- What this task involves
Look in the listing below for the line that has "Ladera Ranch Santa", then return it and each following line up to and including the one with "DEEL :4 OPA", exactly and without pictures.

- Data for processing
----

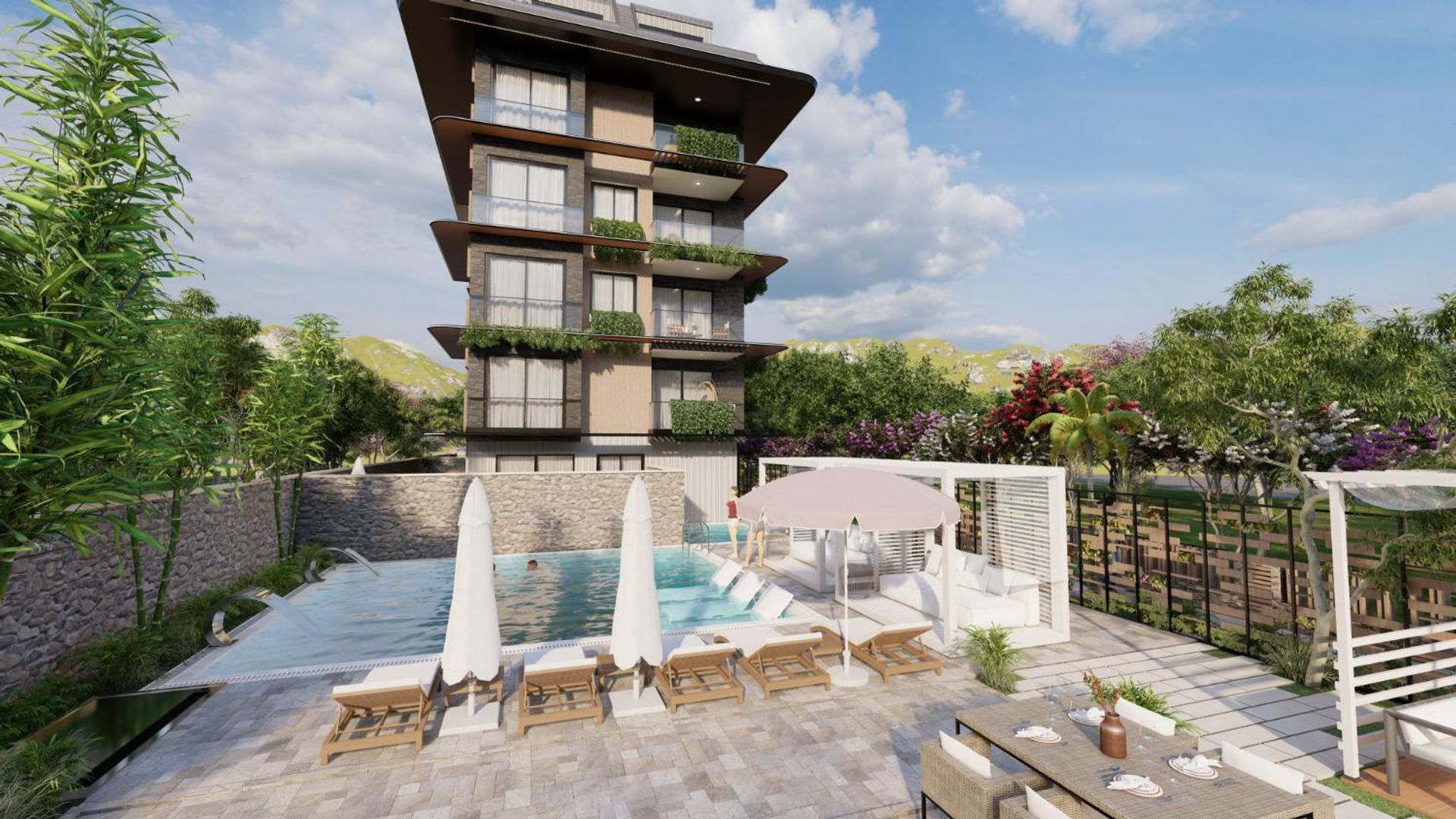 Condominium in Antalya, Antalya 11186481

----

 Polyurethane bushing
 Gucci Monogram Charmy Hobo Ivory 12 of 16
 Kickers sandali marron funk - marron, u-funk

----

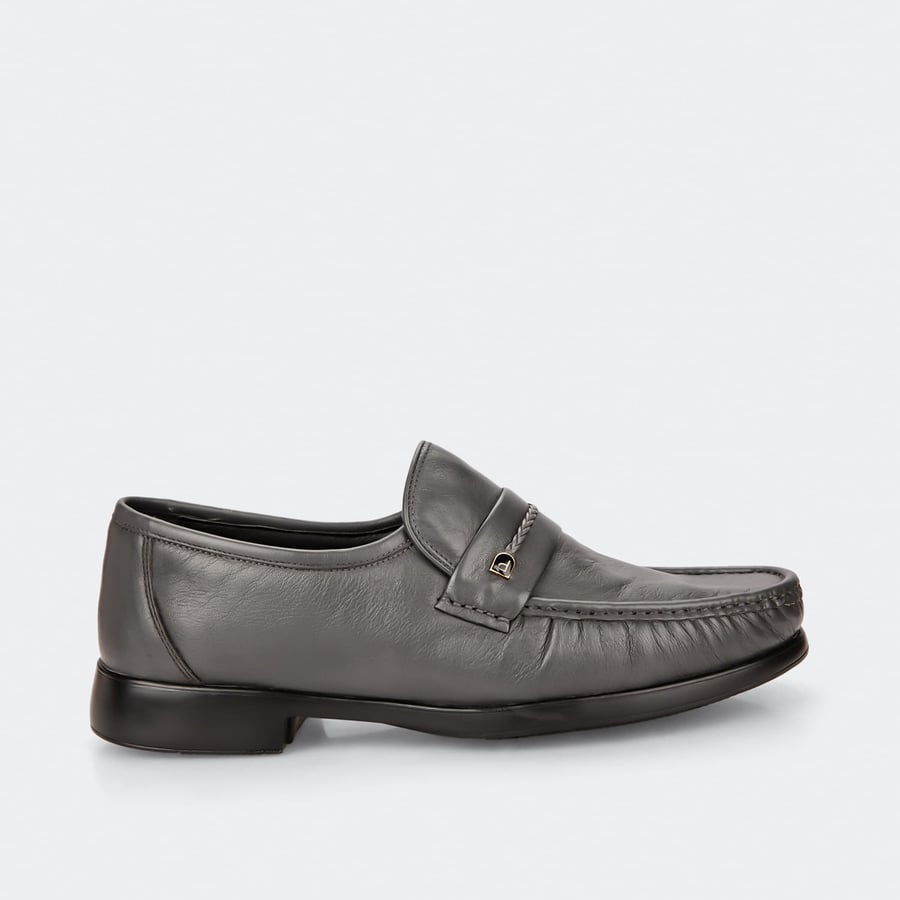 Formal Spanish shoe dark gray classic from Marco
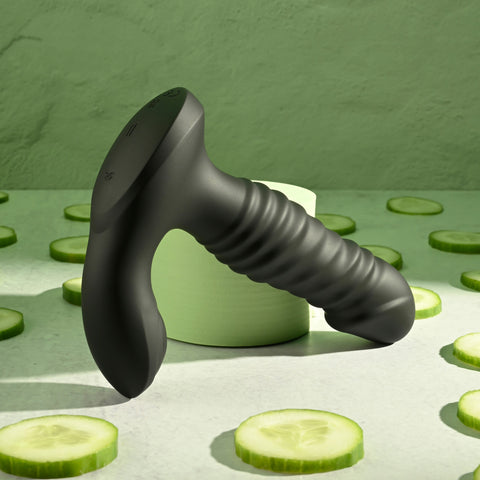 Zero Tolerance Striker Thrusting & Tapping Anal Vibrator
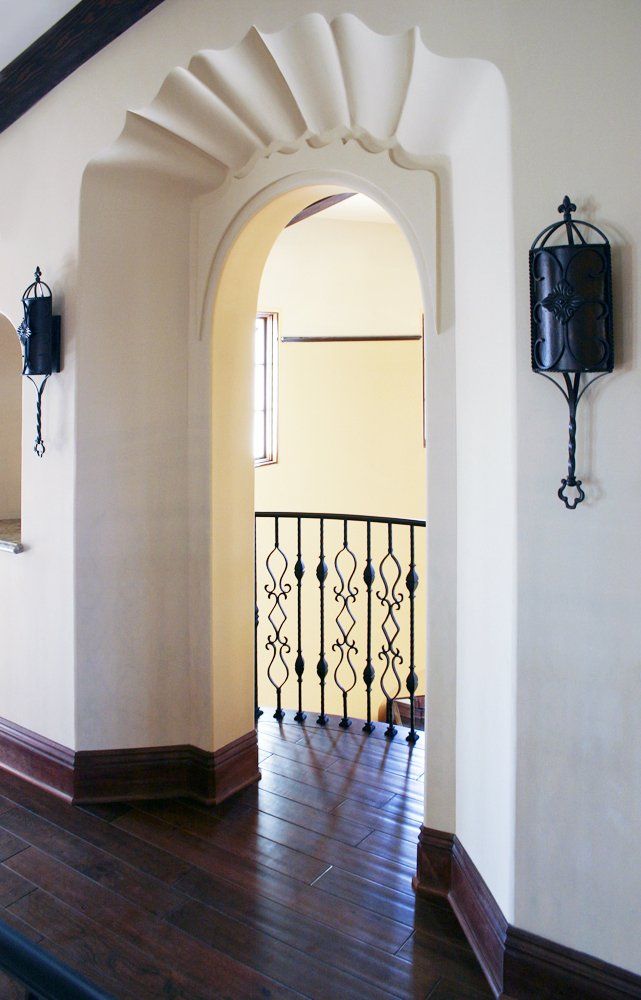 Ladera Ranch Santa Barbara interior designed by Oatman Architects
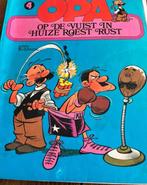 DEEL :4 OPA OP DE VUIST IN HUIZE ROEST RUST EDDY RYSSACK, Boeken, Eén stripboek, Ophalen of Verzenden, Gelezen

----

- The completed task
 Ladera Ranch Santa Barbara interior designed by Oatman Architects
 DEEL :4 OPA OP DE VUIST IN HUIZE ROEST RUST EDDY RYSSACK, Boeken, Eén stripboek, Ophalen of Verzenden, Gelezen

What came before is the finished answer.